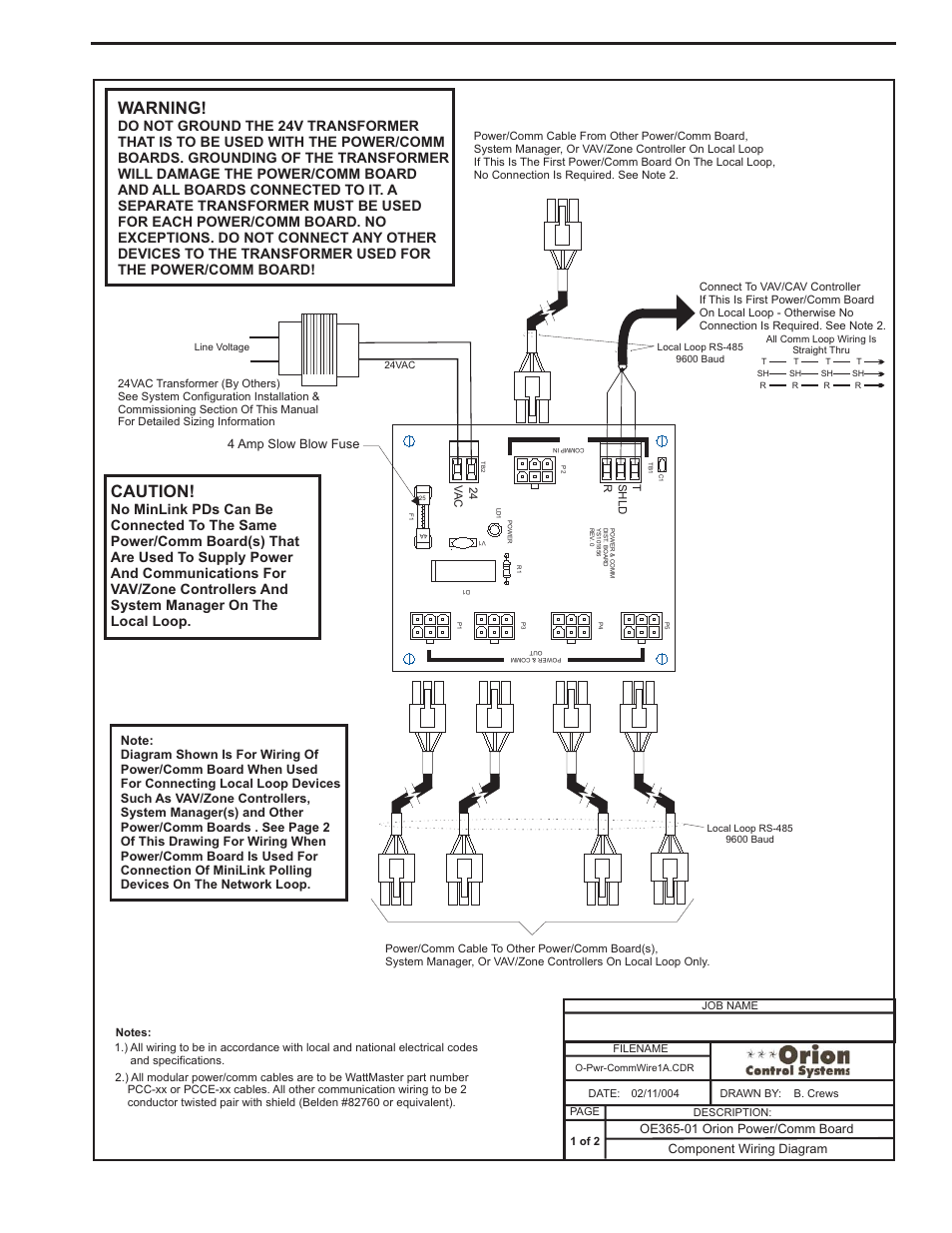 Component & system wiring 65, Warning, Caution | Orion System VCM Component User Manual | Page 65 / 96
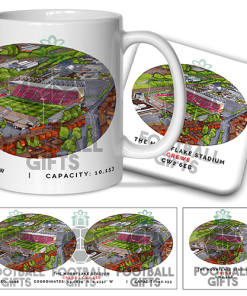 Crewe Alexandra Around The Grounds The Mornflake Stadium Water Colour Mug & Coaster Set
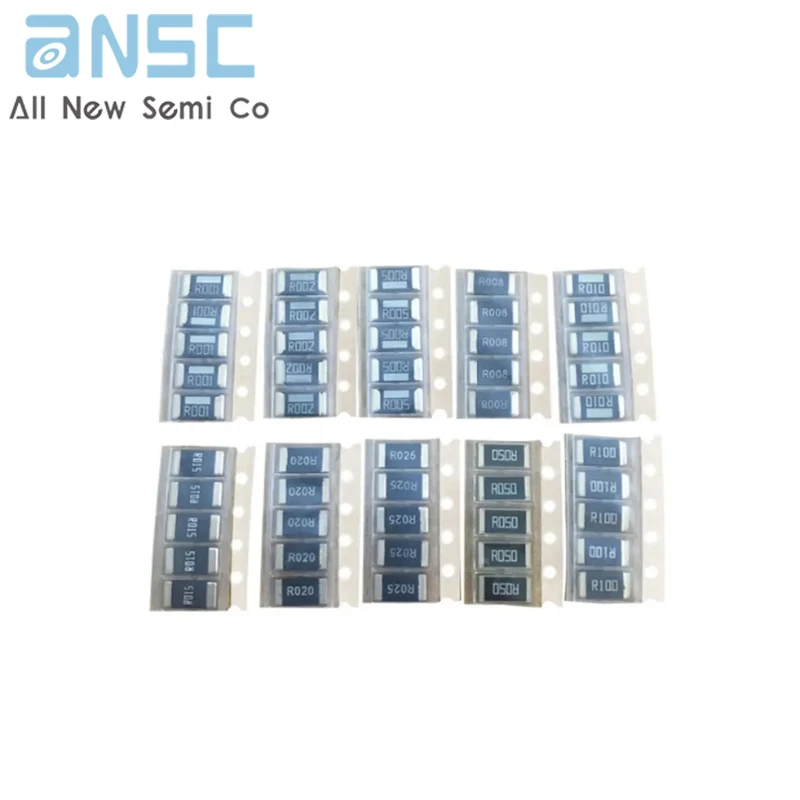 50PCS Alloy resistance 2512 SMD Resistor Samples kit ,10 kindsX5pcs=50pcs R001 R002 R005 R008 R010 R015 R020 R025 R050 R100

-- -- --

### [YOUR TASK]
Take the listing and print it again exactly, but without any pictures.

### [EXERCISE RESPONSE]
 Component & system wiring 65, Warning, Caution | Orion System VCM Component User Manual | Page 65 / 96
 Crewe Alexandra Around The Grounds The Mornflake Stadium Water Colour Mug & Coaster Set
 50PCS Alloy resistance 2512 SMD Resistor Samples kit ,10 kindsX5pcs=50pcs R001 R002 R005 R008 R010 R015 R020 R025 R050 R100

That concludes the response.